Figure 4 Electron beam energy modulation from the longitudinal space charge field from the 39 m undulator.

Thirteen 3-m-long undulators in total are used with the period length of 30 mm. The numbers of undulators used in the first to ninth undulator segments are chosen as 3, 2, 2, 1, 1, 1, 1, 1 and 1, respectively. The simulation results are summarized in Figure 5. In the first undulator segment, an attosecond pulse train, which reflects the comb-like current distribution, is generated with the peak power of about several tens of megawatt. Then the attosecond pulse train is shifted forward in the downstream delay line, so that the target radiation pulse (the last one) can overlap the adjacent electron pulse while the others meet the low-current part of the electron beam because of the unequal interval of the current distribution. Meanwhile, the microbunching accumulated in the first undulator segment is smeared out when the beam passes through the delay line. An X-band deflecting cavity is located at the end of the undulator line with temporal resolution better than 10 fs, which helps one to choose the strength of the delay line during future experimental research. The relative temporal jitter between the laser pulses and the electron beam is only tens of femtoseconds at FEL facilities, for example, approximately 50 fs rms at SXFEL^[ Reference Feng, Liu, Chen, Zhou, Zhang, Qi, Gu, Wang, Jiang, Li, Wang, Wang, Zhang, Feng, Li, Lan, Li, Zhang, Deng, Xiang, Liu and Zhao ^{39 ]}. A stable comb-like structure without obvious shot-to-shot variations had been experimentally demonstrated at FERMI^[ Reference Roussel, Ferrari, Allaria, Penco, Di Mitri, Veronese, Danailov, Gauthier and Giannessi ^{45 ]}, indicating that convenient optimization methods will be feasible for the tuning of the proposed scheme. Besides, one could increase the pulse duration of the seed laser and the electron beam to further increase the tolerance of temporal jitters.
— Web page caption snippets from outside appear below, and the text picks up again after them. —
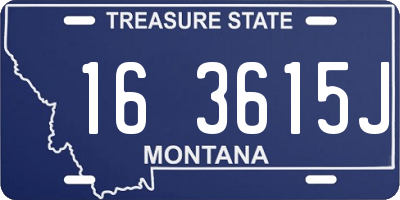 MT license plate 163615J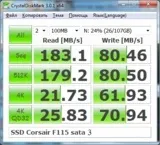 Невелике тестування зовнішнього USB 3 тестування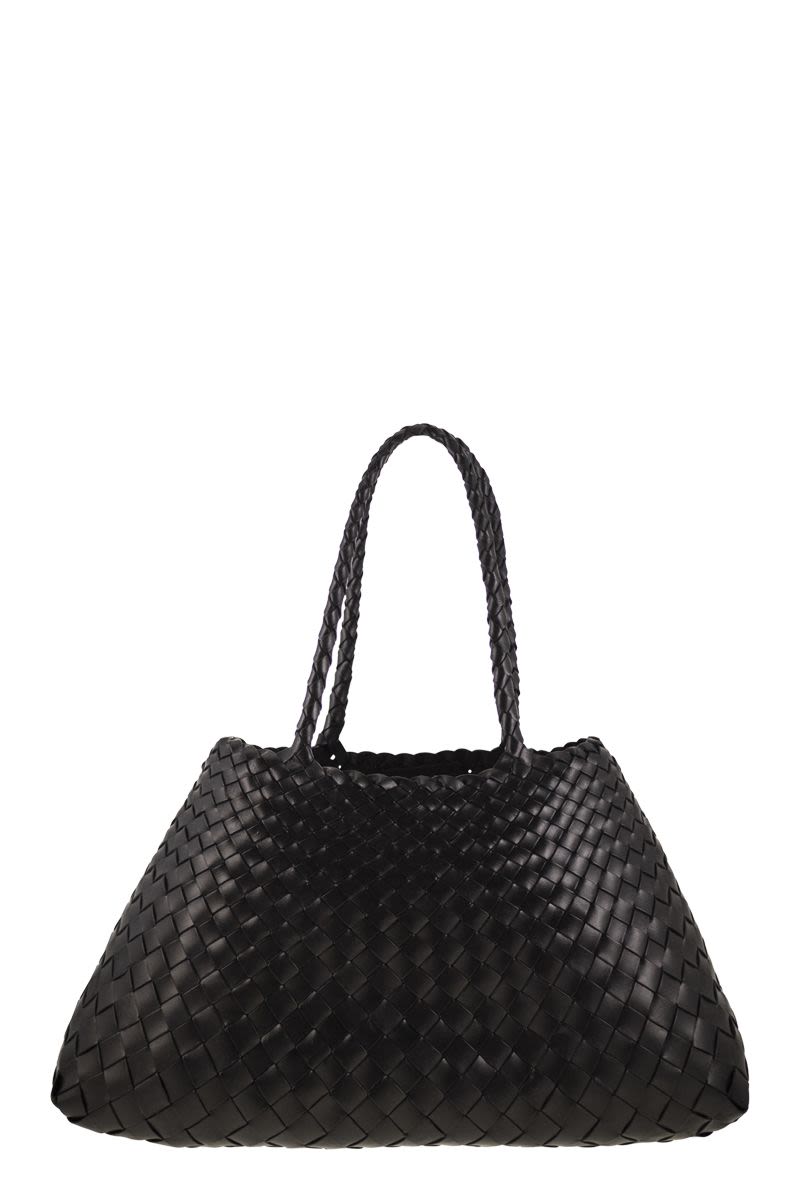 DRAGON Woven Leather Handbag - Large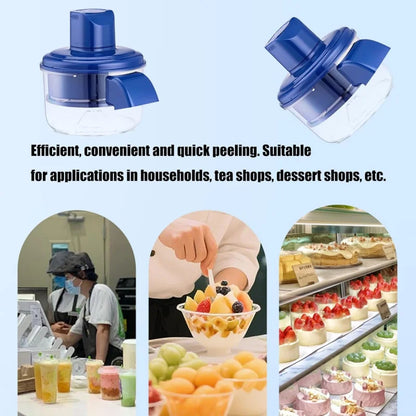 2025 Upgrade 2-in-1 Electric Garlic & Fruit Peeler - Effortless Peeling in 20 Seconds,Easy to Clean, Remover Tool for Kitchen.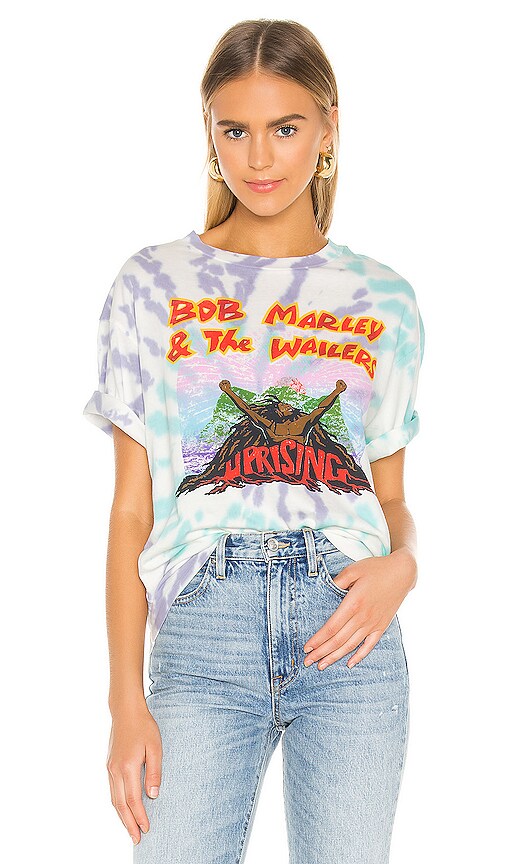 DAYDREAMER Bob Marley Uprising Weekend Tee in 2 Color Spiral Tie Dye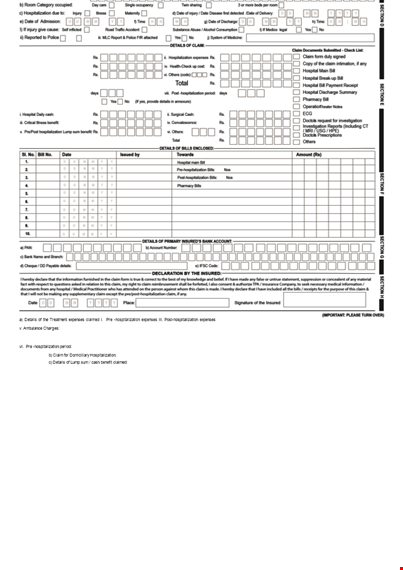 fill out our reimbursement form today - easily indicate expenses template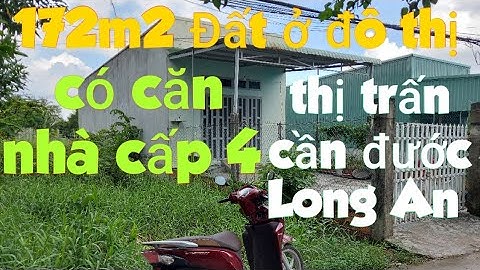 (đất và nhà đã bán)THỔ CƯ VÀ NHÀ CẤP 4, THỊ TRẤN CẦN ĐƯỚC LONG AN.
Figure 5 The output radiation evolution and the spectrum along the undulator line at the end of the first, fourth and ninth undulator segments.
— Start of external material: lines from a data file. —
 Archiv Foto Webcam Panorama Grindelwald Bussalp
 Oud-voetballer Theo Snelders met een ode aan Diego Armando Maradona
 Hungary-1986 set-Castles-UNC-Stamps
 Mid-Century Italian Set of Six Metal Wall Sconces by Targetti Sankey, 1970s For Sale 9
In the second undulator segment, the target radiation pulse is shifted and interacts with a ‘fresh’ part of the electron beam, leading to continuous amplification, similar to the direct seeding scheme^[ Reference Lambert, Hara, Garzella, Tanikawa, Labat, Carre, Kitamura, Shintake, Bougeard, Inoue, Tanaka, Salieres, Merdji, Chubar, Gobert, Tahara and Couprie ^{46 ]}. The amplification of the satellite pulses is suppressed, leading to continuous growth of the contrast, which is defined as the percentage of the target radiation pulse energy. By repeating the process of the undulator amplification and radiation delay, an isolated radiation pulse is achieved with a peak power of 330 GW and a pulse duration of about 620 as after nine undulator segments. The contrast of the target radiation pulse is over 99%. The bandwidth of the final output is about 0.5%, which is about 1.1 times that of the Fourier transform limit. The final peak power of the radiation can be further improved by optimizing the parameters of the frequency beating to generate more current spikes and employ more undulator segments. The output pulse duration can be further shortened by using shorter undulators, which helps to decrease the slippage effect.
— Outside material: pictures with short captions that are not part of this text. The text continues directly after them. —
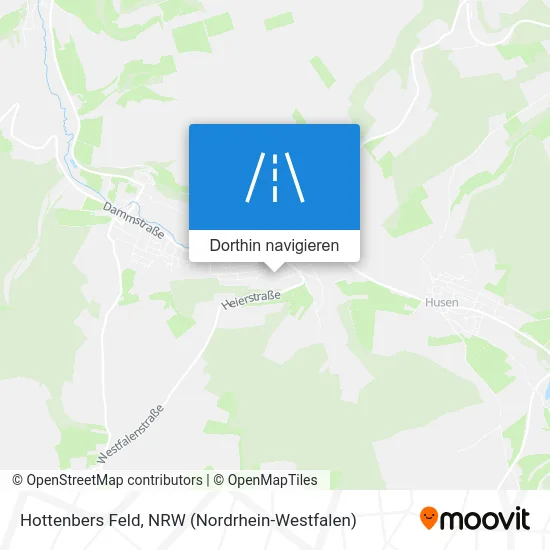 Hottenbers Feld Karte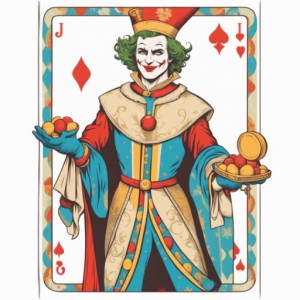 AI Playing Card - Joker 2  sumo work created by 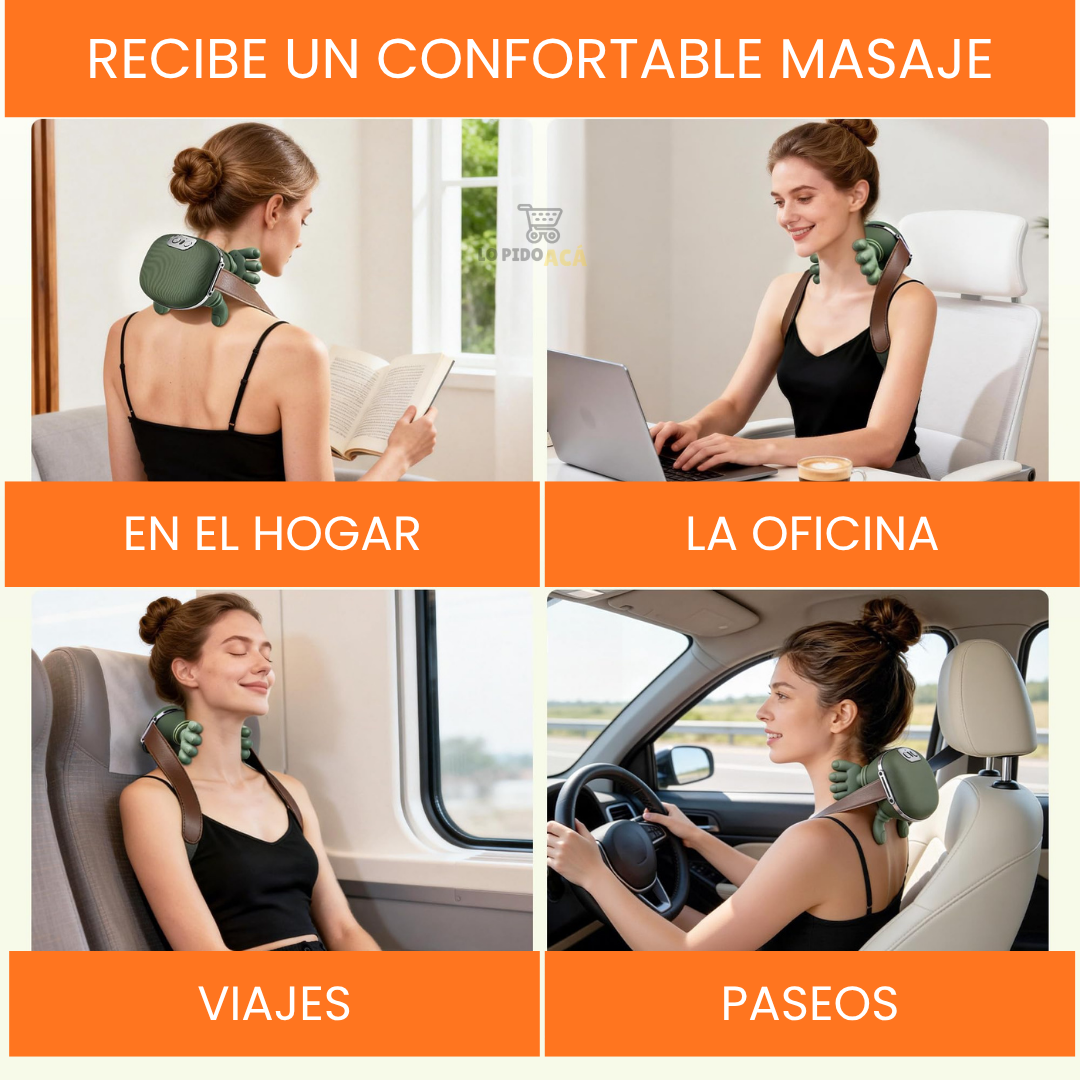 MASAJEADOR AJUSTABLE HOMBROS,CUELLO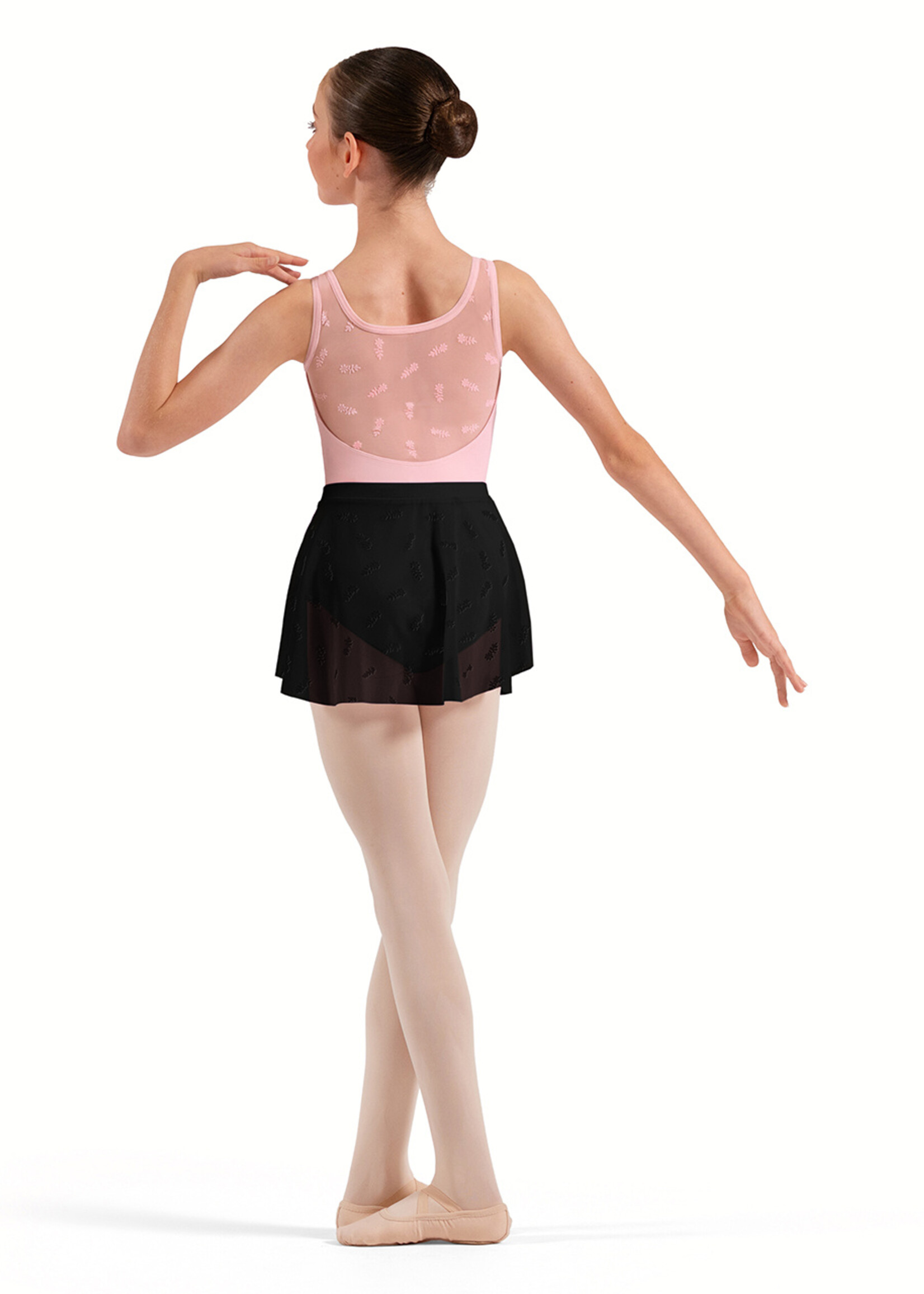 BLOCH FLORAL FLOCK PRINT SKIRT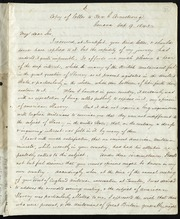 Copy of letter to] My dear sir [manuscript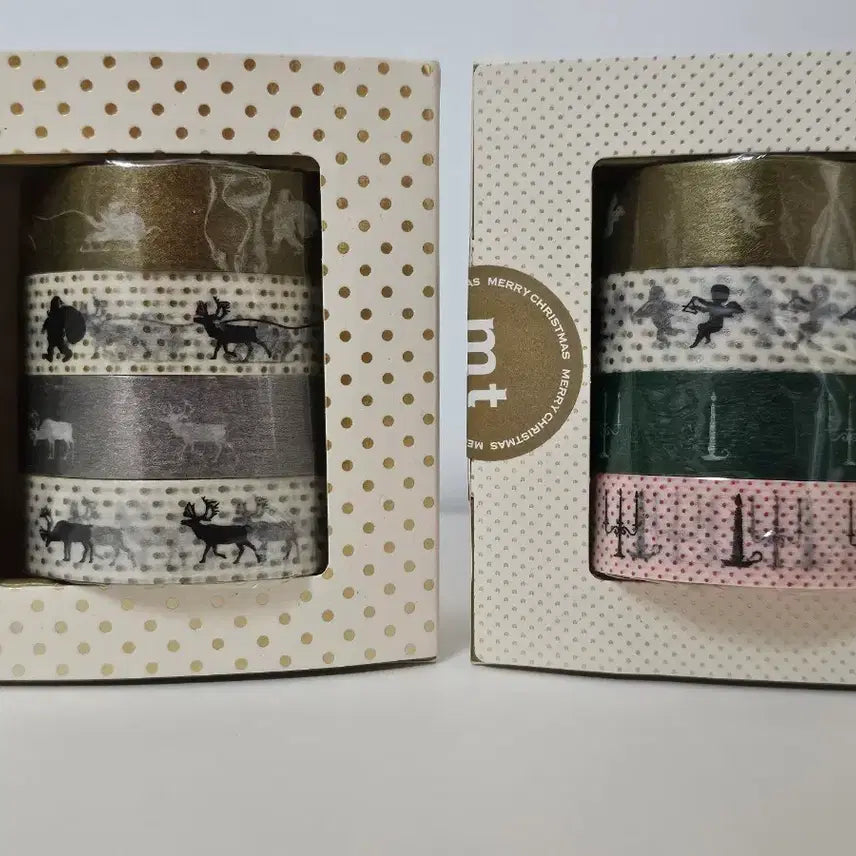 [BUNJANG] 2010 MT Christmas Limited Edition Masking Tape Box Set (A/B Sets) / 2010년 mt 크리스마스 한정판 마스킹테이프 박스 세트(A/B세트)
3D simulations for SASE have also been performed, sharing the same electron beam at the end of the linac and the same undulator parameters. The comparison results are given in Figure 6. It is easy to find that the normal SASE saturates at around 35 m with the peak power of about 20 GW, which is one order of magnitude lower than that of the proposed scheme.

Figure 6 FEL gain curves for the proposed scheme and the normal SASE.